Well... I had some extra time Friday night and Saturday morning. Got her all back together, decals on, fixed the PTO indicator light, and she's running great. Plan to pick up the annual maintenance items this week (spark plugs, air filter, oil, and new battery). Next project is the deck. Some holes in the deck as to be expected so there will be some patching to do. All in all, I'm happy with how she turned out.


----------



## BigDog1956 (Jan 3, 2017)

Chad, real nice job-look's fantastic, I got mine ready to go back together, that LT grey matched and came out perfect for my fender's and rim's. look's like you did real clean work...


----------



## ChadFordMan (Mar 10, 2017)

Yours looks brand new! How long did it take you to prep your tractor for paint? Looks like you cleaned yours up great.


----------



## BigDog1956 (Jan 3, 2017)

ChadFordMan said:


> Yours looks brand new! How long did it take you to prep your tractor for paint? Looks like you cleaned yours up great.
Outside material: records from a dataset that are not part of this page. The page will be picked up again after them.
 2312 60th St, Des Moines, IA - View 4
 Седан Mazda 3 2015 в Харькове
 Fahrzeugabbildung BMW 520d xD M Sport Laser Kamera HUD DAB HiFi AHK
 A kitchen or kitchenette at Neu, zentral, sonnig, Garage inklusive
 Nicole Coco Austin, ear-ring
Chad thank's I took about 10 day's in prep work, ruined my nice rim's today from clear coating them to soon and paint wrinkled underneath, will have to wait about 2-3 week's and re-do 1 rim at a time but will atleast have tractor useable, will put hood and fender's back on Friday. I'll just pull 1 wheel at a time and re-do when it's warmer-tired of fighting this weather........


----------



## pml (Oct 5, 2020)

Sorry I'm being dense; I just picked up a YT16H (I think it is an '86) and I'm starting to prep the footwells: is that the Wimbledon White in your pics? Whatever it is, both of yours look great!


----------



## Bob Driver (Nov 1, 2017)

I've restored dozens of vintage lawn/garden tractors over the last 20 years. Been to more vintage lawn tractor shows than I care to admit, but the wife is not slow to remind me.
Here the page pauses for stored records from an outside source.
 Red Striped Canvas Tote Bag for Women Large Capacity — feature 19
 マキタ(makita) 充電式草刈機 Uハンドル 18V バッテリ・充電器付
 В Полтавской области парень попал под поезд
When it comes to paint color/hue, I don't worry much about it. I've run into guys at vintage shows that will say.... "Looks good, but that's not the correct color(s)".
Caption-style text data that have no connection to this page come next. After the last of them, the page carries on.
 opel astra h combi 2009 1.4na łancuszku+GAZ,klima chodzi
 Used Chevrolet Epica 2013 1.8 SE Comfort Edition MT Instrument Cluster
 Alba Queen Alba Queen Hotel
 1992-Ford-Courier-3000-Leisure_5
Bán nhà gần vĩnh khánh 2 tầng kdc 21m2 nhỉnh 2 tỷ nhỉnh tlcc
I always say.... "Damn, I guess that means they are going to really beat me up on points when I show it at the Concours d'Elegance at Pebble Beach this year"...

I always restore stuff to be "working machines", not "garage queens". To me, there is just something about bringing a 50-60 year old machine back to life to the point where it can actually do the work for which it was designed, rather than looking at it over a beer, in a nice clean garage, and explaining to someone what a major battle I went through to get the right paint code. After all, I intend it to be a *WORKING* machine, not a Tucker 48

The final clear coat/top coat I eventually end up putting on all my machines is always going to be good old red Mississippi mud. It helps to convince people that I know what I'm doing if they want me to work on their $10,000 commercial Exmark, if they see I just mowed the yard with my 68 Yazoo...."But the red on the deck doesn't match the hue on the chassis"


----------



## kylespearswsi1025 (3 mo ago)

Anyone stll on this forum?


----------



## pogobill (Jan 31, 2012)

kylespearswsi1025 said:


> Anyone stll on this forum?


Yes. This is an old thread... I see you have started your own. Good idea!


----------